◆ The problem
Copy, word for word, the lines of the entries below between the one with "Broad family upright" and the one with "KURTA BAN COLLAR GREEN at Charcoal Clothing", inclusive, and leave out everything else.

◆ Records for this exercise
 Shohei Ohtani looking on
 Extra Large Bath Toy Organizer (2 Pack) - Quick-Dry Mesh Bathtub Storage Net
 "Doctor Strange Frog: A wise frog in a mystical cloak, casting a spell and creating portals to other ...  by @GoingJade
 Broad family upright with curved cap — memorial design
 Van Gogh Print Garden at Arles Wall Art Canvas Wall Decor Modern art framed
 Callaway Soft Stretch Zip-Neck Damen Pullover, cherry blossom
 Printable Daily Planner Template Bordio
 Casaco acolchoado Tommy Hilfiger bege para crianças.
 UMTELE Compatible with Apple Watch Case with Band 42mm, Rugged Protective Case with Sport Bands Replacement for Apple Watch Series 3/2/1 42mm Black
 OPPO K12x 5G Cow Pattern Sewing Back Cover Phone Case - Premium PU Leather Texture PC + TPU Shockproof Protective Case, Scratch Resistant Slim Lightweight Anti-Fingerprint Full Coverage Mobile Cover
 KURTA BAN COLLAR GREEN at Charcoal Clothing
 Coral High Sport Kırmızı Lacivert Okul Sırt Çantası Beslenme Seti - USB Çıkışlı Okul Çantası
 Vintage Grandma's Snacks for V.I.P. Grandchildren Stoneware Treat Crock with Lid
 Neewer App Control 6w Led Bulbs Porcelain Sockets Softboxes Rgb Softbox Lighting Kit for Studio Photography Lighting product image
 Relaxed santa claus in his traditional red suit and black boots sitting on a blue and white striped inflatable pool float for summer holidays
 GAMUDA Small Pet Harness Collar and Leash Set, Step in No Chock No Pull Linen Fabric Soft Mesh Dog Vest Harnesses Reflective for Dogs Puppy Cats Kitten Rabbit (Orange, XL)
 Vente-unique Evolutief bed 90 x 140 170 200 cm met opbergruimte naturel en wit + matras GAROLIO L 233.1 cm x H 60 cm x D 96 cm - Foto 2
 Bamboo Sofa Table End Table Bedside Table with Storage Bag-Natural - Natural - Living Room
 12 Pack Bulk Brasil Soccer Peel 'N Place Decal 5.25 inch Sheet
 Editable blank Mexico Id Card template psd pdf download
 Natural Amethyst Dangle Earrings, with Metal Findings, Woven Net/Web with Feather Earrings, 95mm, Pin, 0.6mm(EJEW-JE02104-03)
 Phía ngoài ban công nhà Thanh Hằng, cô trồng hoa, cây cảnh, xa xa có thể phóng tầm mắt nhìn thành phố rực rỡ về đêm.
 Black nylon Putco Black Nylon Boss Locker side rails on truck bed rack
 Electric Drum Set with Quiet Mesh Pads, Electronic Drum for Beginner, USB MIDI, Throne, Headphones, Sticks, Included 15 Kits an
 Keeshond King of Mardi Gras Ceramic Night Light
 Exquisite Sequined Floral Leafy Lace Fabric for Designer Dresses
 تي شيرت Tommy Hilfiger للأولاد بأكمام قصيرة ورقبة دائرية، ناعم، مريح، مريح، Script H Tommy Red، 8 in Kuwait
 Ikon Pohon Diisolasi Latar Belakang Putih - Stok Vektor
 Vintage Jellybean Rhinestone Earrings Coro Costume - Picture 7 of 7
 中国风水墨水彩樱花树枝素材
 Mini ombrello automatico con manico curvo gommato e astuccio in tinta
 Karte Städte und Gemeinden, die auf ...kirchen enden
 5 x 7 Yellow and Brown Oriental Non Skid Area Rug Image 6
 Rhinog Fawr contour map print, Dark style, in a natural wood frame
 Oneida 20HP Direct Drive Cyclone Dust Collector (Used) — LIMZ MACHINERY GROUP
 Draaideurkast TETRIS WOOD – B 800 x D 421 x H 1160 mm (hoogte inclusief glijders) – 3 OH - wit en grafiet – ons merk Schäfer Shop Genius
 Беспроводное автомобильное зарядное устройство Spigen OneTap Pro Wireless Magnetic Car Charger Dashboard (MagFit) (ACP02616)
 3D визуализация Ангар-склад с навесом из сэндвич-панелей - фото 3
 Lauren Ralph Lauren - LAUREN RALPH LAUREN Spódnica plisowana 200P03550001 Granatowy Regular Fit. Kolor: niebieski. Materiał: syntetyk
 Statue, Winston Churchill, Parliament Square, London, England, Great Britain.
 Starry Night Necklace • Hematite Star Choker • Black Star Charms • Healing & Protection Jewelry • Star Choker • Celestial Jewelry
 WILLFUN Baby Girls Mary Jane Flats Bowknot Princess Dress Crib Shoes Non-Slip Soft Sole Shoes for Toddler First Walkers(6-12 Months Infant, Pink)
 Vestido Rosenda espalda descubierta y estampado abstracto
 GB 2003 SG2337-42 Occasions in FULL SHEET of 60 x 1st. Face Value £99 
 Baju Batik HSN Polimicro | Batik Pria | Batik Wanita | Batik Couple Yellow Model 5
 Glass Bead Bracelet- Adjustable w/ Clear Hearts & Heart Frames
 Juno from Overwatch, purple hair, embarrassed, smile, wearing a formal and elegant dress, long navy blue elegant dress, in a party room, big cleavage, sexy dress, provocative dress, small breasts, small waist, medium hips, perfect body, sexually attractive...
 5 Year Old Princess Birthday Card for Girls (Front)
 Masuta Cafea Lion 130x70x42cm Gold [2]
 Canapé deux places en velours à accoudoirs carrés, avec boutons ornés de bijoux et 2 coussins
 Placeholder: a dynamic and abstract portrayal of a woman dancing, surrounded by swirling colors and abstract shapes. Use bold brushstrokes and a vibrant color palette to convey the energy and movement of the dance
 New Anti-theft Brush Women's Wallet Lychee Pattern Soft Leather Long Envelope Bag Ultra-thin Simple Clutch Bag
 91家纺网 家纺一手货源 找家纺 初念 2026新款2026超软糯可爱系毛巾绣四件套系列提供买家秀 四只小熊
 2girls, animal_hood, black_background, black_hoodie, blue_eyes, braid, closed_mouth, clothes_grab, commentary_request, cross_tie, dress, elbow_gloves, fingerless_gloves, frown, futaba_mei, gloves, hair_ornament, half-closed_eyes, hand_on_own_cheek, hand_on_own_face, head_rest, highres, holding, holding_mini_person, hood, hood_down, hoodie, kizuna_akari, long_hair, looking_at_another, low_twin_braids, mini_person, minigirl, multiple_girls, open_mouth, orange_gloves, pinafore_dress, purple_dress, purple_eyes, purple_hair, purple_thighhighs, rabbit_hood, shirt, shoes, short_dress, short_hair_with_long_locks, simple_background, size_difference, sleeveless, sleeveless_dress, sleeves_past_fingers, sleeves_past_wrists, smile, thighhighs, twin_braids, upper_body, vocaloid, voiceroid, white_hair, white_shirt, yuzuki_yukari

◆ Written answer
 Broad family upright with curved cap — memorial design
 Van Gogh Print Garden at Arles Wall Art Canvas Wall Decor Modern art framed
 Callaway Soft Stretch Zip-Neck Damen Pullover, cherry blossom
 Printable Daily Planner Template Bordio
 Casaco acolchoado Tommy Hilfiger bege para crianças.
 UMTELE Compatible with Apple Watch Case with Band 42mm, Rugged Protective Case with Sport Bands Replacement for Apple Watch Series 3/2/1 42mm Black
 OPPO K12x 5G Cow Pattern Sewing Back Cover Phone Case - Premium PU Leather Texture PC + TPU Shockproof Protective Case, Scratch Resistant Slim Lightweight Anti-Fingerprint Full Coverage Mobile Cover
 KURTA BAN COLLAR GREEN at Charcoal Clothing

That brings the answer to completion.